Bizimkiler kestirmeden gitmişler! Natanyahu’ya söylemediğini söyletmişler. Peki! Bunu yapanlar gerçekten de şu veya bu yolla gerçeğe temas etmiş olmuyorlar mı? Gizli kalmış gerçeği veya kalplerdekini deşifre etmişlerse bunda ne mahzur var? Bu yolla inandığımız davaya hizmet edebilir miyiz?
Bu yöntemin yanlış olduğunu söylemeye gerek yok. En önce güveni zedeler. Bunu metin olarak değil yorum olarak söyleyebilirsiniz. Bunda bir beis ve hilaf yok. Lakin Netanyahu’ya nispet ederseniz bu hilaf-ı hakikat olur. Niyet okumak olur. Birincisi taraftarlarınızı da bu tür aslı astarı olmayan yöntemlere alıştırtırsınız. Müminlerin en büyük sermayesi olan sıdk yolunu kaçırmış olursunuz. Yine bu yol populizme ya da eski ifadesiyle avamperestliğe çıkar. Ayrıca Hakkın üzerinden sıçrayarak indirgemeciliğe ulaşırsınız. Bu yolla zihinler duruluğunu kaybeder ve bulanık ve karmakarışık hale gelir. Bu yöntem belki Netanyahu’ya yakışabilir. O bütün yolları kullanarak tezine güç katmak isteyebilir. Halbuki batıl yolla hakkı savunmak son demde kimseye yakışmaz. İnsanlık erdeminin dışına çıkmaktır.
Batıl yolla hakkı savunmak hak ehlinin harcı değildir. Suudi Arabistan ve Körfez ülkelerinde istihbarat dehlizlerinde fikri kuluçkaya yatmış ve gayri meşru yöntemlerle üretilmiş olan Medhaliyye ve Camiye diye bir akım var. Esasları da usulleri de batıldır.

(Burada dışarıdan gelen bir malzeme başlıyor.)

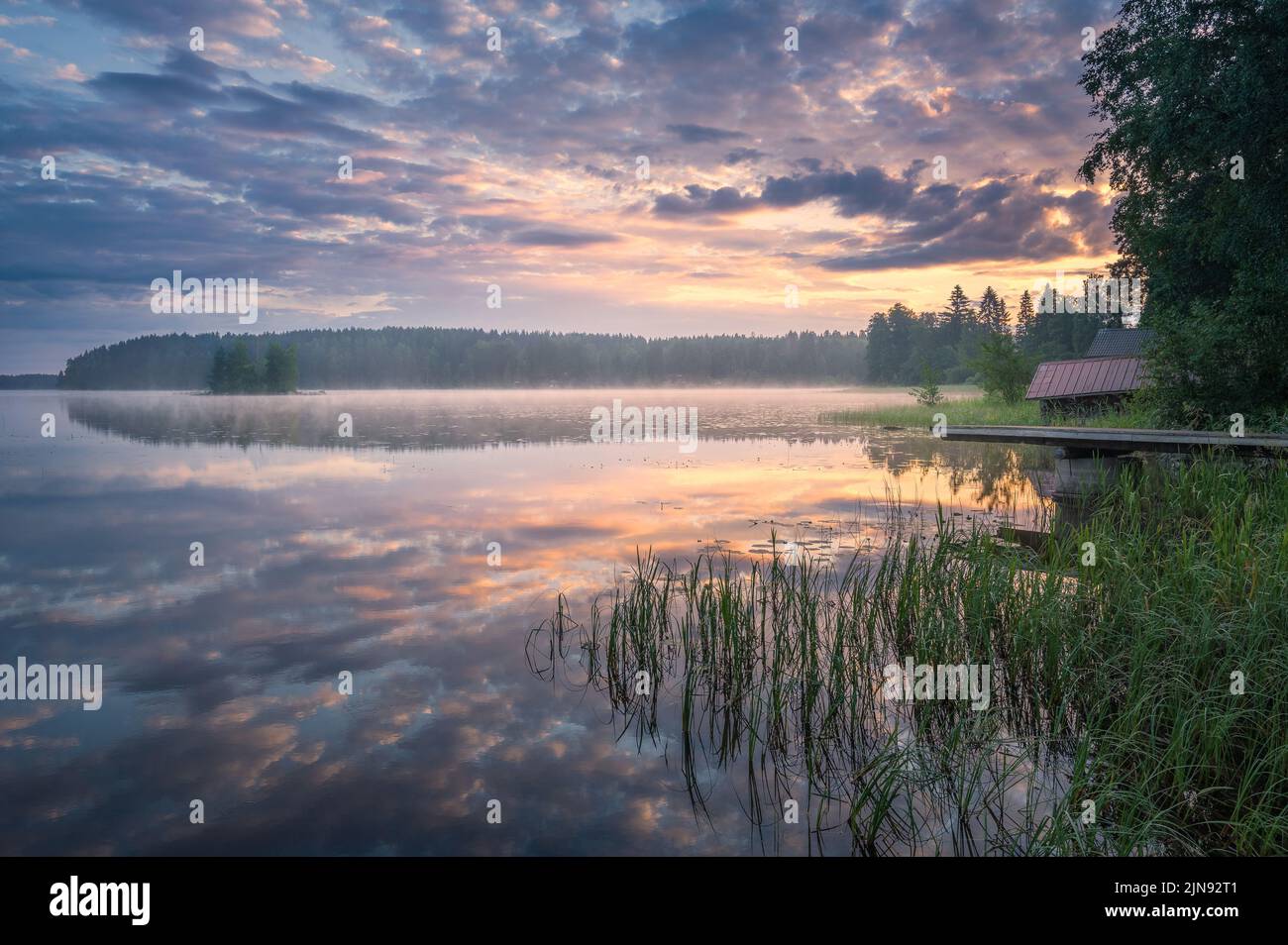 Schöner Sonnenaufgang in einem ruhigen See am Sommerabend in Finnland mit Pier Stockfoto
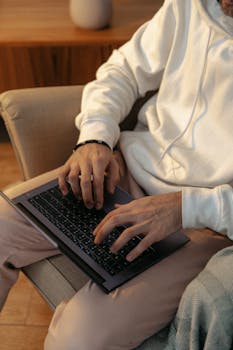 Close-up of a man typing on a laptop while sitting on an armchair in a cozy setting.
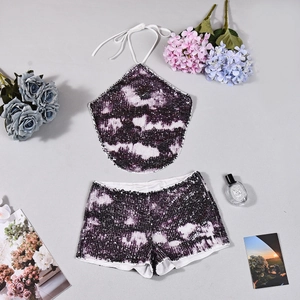 Flachliegendes Set aus lila Pailletten-Neckholder-Top und Shorts mit Batikmuster und Blumen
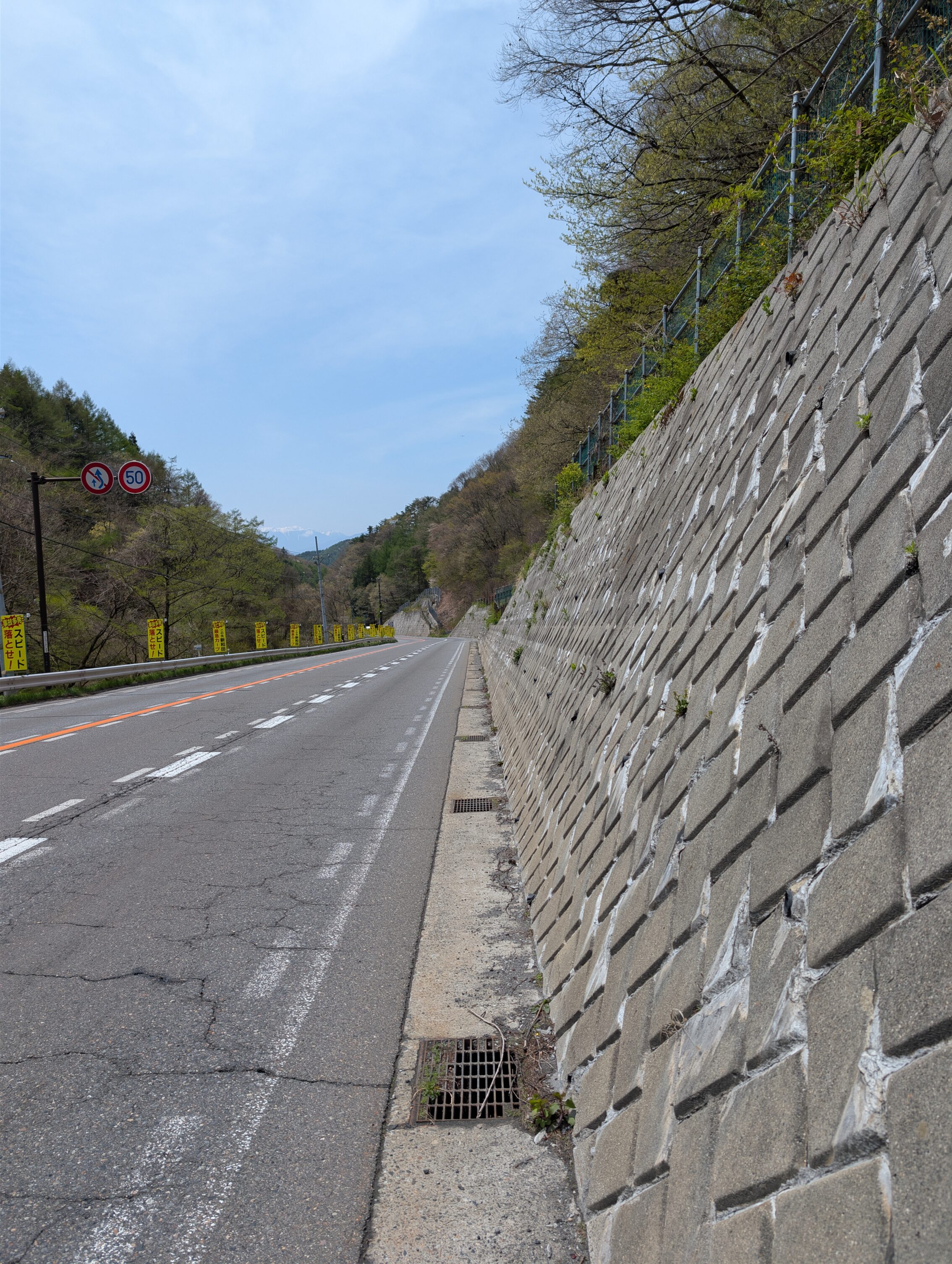 A highway with a cement wall to the right.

Bunlar, Hazreti Hüseyin cephesinden paralı asker olarak Yezid cephesine geçenlere benzerler. 1990 ve sonrasında Amerikalıların Körfez’e yerleşmesiyle birlikte iki müfrit zümre ve akım zuhur etmiştir. Bunlardan birisi Bin Ladin’in başına geçtiği Kaide olarak anılan retçi akım, diğeri de Camiye’nin başını çektiği kabulcü akım. Kaide akımı veya örgütü zinhar Müslümanlar arası kavgalarda gayri Müslimlerin yardımına başvurulamayacağını savunmaktadır. Medahile veya Camiye olarak anılan ikinci akım ise tersini savunmaktadır. Buna itiraz edenlere de düşman kesilmektedirler. Hatta haklarında uydurma isnat ve ithamlarda bulunmaktadırlar. Daha önce Sefer el Havali gibilerini aşırı öven bu grup Selman Avde, Şeyh Nasır Ömer ve Aiz El Karni gibilere ateş püskürmektedir. Sebebi Saddam’ı Kuveyt’ten atmak için yabancı güce başvurmanın doğru olmayacağını savunmaları. Savaşacaksak kendi gücümüzle savaşalım dedikleri için. Öncesinde Camiye akımının mensupları Sefer el Havali gibilerini aşırı överken bu olayla birlikte karşılarına geçmişler ve aşırı karalama kampanyasına girmişlerdir. Bu sayılan isimler yabancı güçlerden yardım almaya karşı olmalarına rağmen hasımları bunların yabancı güçler tarafından kullanıldıklarını ve onların payandası olduklarını ileri sürmüşlerdir. Halbuki kendileri yabancı güçlerin kullandıkları yerel rejimler tarafından kullanılmaktadırlar. Bunların ortak özelliği överken aşırı övmek yererken de aşırı karalamadır. Hakperest olmadıkları için ölçüyü tutturamazlar.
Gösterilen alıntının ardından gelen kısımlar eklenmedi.